— Task prompt —
Return, word for word, only the lines of the data below that lie between the line with "Apc striped sweatshirt wide leg jeans outfit" and the line with "Beautifully decorated festive", those two lines included.

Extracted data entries

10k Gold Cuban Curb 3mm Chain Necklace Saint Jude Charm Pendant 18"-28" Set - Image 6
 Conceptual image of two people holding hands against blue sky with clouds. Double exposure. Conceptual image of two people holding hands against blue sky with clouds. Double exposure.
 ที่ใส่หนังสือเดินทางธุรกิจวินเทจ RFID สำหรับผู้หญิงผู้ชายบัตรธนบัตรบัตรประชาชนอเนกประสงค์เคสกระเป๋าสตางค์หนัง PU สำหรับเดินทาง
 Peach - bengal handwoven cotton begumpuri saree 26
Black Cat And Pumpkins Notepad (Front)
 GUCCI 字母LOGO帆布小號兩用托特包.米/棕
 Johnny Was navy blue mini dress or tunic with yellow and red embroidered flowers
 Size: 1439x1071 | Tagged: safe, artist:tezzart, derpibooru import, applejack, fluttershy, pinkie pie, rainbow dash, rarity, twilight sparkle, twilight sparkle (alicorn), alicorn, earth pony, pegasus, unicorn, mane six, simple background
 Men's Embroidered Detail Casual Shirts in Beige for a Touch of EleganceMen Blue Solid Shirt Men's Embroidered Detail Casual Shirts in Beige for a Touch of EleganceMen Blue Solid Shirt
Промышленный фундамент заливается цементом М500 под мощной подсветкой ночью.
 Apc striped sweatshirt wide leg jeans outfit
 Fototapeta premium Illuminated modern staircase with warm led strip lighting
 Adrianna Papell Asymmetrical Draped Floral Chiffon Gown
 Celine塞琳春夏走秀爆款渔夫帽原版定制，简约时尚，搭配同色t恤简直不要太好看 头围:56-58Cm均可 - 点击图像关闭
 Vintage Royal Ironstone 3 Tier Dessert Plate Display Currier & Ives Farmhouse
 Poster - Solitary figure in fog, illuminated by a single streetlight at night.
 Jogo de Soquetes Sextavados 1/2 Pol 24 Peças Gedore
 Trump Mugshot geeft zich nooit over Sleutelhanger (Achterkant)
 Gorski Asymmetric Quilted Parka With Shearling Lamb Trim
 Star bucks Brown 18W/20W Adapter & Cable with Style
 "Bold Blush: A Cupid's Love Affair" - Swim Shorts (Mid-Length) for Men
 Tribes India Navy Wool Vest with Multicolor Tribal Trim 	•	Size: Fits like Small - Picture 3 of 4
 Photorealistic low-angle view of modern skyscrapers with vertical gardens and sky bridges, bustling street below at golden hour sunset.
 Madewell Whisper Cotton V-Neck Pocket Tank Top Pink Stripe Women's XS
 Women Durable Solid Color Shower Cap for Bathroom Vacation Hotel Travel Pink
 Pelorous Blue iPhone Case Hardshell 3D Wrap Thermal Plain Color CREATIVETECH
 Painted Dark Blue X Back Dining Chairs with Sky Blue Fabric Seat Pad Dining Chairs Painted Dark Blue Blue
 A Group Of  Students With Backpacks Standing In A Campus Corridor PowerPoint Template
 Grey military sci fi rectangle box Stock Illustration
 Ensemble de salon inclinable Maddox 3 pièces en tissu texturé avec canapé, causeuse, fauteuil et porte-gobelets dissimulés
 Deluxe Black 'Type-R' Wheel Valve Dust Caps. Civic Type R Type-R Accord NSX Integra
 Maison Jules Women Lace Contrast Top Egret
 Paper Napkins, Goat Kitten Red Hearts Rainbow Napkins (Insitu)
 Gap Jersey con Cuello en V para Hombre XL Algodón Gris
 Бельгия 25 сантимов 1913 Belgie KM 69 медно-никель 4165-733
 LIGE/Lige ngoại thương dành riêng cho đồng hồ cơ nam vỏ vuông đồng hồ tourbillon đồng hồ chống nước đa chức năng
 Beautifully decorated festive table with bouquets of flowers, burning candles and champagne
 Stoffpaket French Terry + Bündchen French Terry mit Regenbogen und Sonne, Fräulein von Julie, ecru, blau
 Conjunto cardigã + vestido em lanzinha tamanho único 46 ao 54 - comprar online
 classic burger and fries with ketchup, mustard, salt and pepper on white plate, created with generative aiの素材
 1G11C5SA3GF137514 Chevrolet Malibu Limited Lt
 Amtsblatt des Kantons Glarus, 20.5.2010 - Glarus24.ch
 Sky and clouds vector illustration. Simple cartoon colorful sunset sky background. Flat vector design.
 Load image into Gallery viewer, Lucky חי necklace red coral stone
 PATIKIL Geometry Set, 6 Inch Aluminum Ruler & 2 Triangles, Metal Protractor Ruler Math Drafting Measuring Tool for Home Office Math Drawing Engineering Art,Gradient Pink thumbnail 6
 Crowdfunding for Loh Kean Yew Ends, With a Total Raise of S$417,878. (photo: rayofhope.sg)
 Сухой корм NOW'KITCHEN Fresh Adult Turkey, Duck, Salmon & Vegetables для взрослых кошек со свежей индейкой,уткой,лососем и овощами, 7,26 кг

— Your solution —
 Apc striped sweatshirt wide leg jeans outfit
 Fototapeta premium Illuminated modern staircase with warm led strip lighting
 Adrianna Papell Asymmetrical Draped Floral Chiffon Gown
 Celine塞琳春夏走秀爆款渔夫帽原版定制，简约时尚，搭配同色t恤简直不要太好看 头围:56-58Cm均可 - 点击图像关闭
 Vintage Royal Ironstone 3 Tier Dessert Plate Display Currier & Ives Farmhouse
 Poster - Solitary figure in fog, illuminated by a single streetlight at night.
 Jogo de Soquetes Sextavados 1/2 Pol 24 Peças Gedore
 Trump Mugshot geeft zich nooit over Sleutelhanger (Achterkant)
 Gorski Asymmetric Quilted Parka With Shearling Lamb Trim
 Star bucks Brown 18W/20W Adapter & Cable with Style
 "Bold Blush: A Cupid's Love Affair" - Swim Shorts (Mid-Length) for Men
 Tribes India Navy Wool Vest with Multicolor Tribal Trim 	•	Size: Fits like Small - Picture 3 of 4
 Photorealistic low-angle view of modern skyscrapers with vertical gardens and sky bridges, bustling street below at golden hour sunset.
 Madewell Whisper Cotton V-Neck Pocket Tank Top Pink Stripe Women's XS
 Women Durable Solid Color Shower Cap for Bathroom Vacation Hotel Travel Pink
 Pelorous Blue iPhone Case Hardshell 3D Wrap Thermal Plain Color CREATIVETECH
 Painted Dark Blue X Back Dining Chairs with Sky Blue Fabric Seat Pad Dining Chairs Painted Dark Blue Blue
 A Group Of  Students With Backpacks Standing In A Campus Corridor PowerPoint Template
 Grey military sci fi rectangle box Stock Illustration
 Ensemble de salon inclinable Maddox 3 pièces en tissu texturé avec canapé, causeuse, fauteuil et porte-gobelets dissimulés
 Deluxe Black 'Type-R' Wheel Valve Dust Caps. Civic Type R Type-R Accord NSX Integra
 Maison Jules Women Lace Contrast Top Egret
 Paper Napkins, Goat Kitten Red Hearts Rainbow Napkins (Insitu)
 Gap Jersey con Cuello en V para Hombre XL Algodón Gris
 Бельгия 25 сантимов 1913 Belgie KM 69 медно-никель 4165-733
 LIGE/Lige ngoại thương dành riêng cho đồng hồ cơ nam vỏ vuông đồng hồ tourbillon đồng hồ chống nước đa chức năng
 Beautifully decorated festive table with bouquets of flowers, burning candles and champagne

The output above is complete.